Prof. Ferscha has published on topics related to parallel and distributed computing, like e.g. Computer Aided Parallel Software Engineering, Performance Oriented Distributed/Parallel Program Development, Parallel and Distributed Discrete Event Simulation, Performance Modeling/Analysis of Parallel Systems and Parallel Visual Programming. Currently he is focussed on Pervasive Computing, Embedded Software Systems, Wireless Communication, Multiuser Cooperation, Distributed Interaction and Distributed Interactive Simulation. He has been the project leader of several national and international research projects like e.g.: Network Computing, Performance Analysis of Parallel Systems and their Workload, Parallel Simulation of Very Large Office Workflow Models, Distributed Simulation on High Performance Parallel Computer Architectures, Modelling and Analysis of Time Constrained and Hierarchical Systems, Broadband Integrated Satellite Network Traffic Evaluation and Distributed Cooperative Environments, etc. Currently he is pursuing project work related to networked embedded systems, software frameworks for context computing, coordination architectures and models, wireless and mobile ad-hoc networks and sensor/actuator networks. In his application related work he has built context based application frameworks for the JKU "Wireless Campus" network, public community displays with wireless remote controls ("WebWall"), geo-enhanced, augmented reality mobile navigation systems, RFID based realtime notification systems, wearable computing and embedded internet application frameworks ("DitgitalAura", "SmartCase", "DigiScope").

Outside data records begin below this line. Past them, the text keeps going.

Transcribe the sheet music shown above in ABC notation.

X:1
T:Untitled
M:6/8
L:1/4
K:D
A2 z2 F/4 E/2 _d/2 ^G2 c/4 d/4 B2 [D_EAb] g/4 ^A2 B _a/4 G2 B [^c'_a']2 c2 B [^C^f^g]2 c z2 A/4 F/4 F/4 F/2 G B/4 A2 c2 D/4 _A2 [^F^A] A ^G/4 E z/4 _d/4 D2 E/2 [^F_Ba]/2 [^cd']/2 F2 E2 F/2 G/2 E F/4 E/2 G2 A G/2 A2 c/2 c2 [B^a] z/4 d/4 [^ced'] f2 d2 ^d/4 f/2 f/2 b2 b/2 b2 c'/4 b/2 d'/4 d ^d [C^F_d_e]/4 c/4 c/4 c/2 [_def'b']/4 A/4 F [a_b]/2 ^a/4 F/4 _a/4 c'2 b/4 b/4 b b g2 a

He has been a visiting researcher at the Dipartimento di Informatica, Universita di Torino , Italy , at the Dipartimento di Informatica, Universita di Genoa , Italy , at the Computer Science Department, University of Maryland at College Park , College Park , Maryland , and at the Department of Computer and Information Sciences, University of Oregon , Eugene , Oregon , U.S.A. He has served on the committees of several conferences like PERVASIVE, UMBICOMP, WWW, PADS, DIS-RT, SIGMETRICS, MASCOTS, TOOLS, PNPM, ICS, etc. Prof. Ferscha is member of the OCG, GI, ACM, IEEE and holds the Heinz-Zemanek Award for distinguished contributions in computer science.

Clemens Holzmann

Clemens Holzmann is a PhD student at the Johannes Kepler University Linz, Austria. His research interests include pervasive and ubiquitous computing, context awareness, sensor technologies, human computer interaction and tangible user interfaces. He received a Dipl.-Ing. degree in 2004 in computer science, and in 2006 he will complete his studies in business informatics. Since 2003, he has been working as a researcher at the Department of Pervasive Computing at the Johannes Kepler University Linz, where he was involved in projects with Siemens AG Germany in the fields of context computing, gesture recognition and human computer interaction. Clemens Holzmann is a member of the Austrian Computer Society (OCG) and IEEE.

Michael H. Leitner

Michael Leitner received the Dipl.-Ing. degree in 2004 in computer science at the Johannes Kepler University Linz. He is a PhD student and researcher at the Department of Pervasive Computing. He has two semesters of teaching experience. Besides, he will complete his study of business informatics, also at the Johannes Kepler University Linz, in early 2006. Michael Leitner is member of the Austrian Computer Society (OCG) and ACM. His research interests include pervasive and ubiquitous computing, human computer interaction, tangible user interfaces, context awareness, sensor technologies, and swarm computing.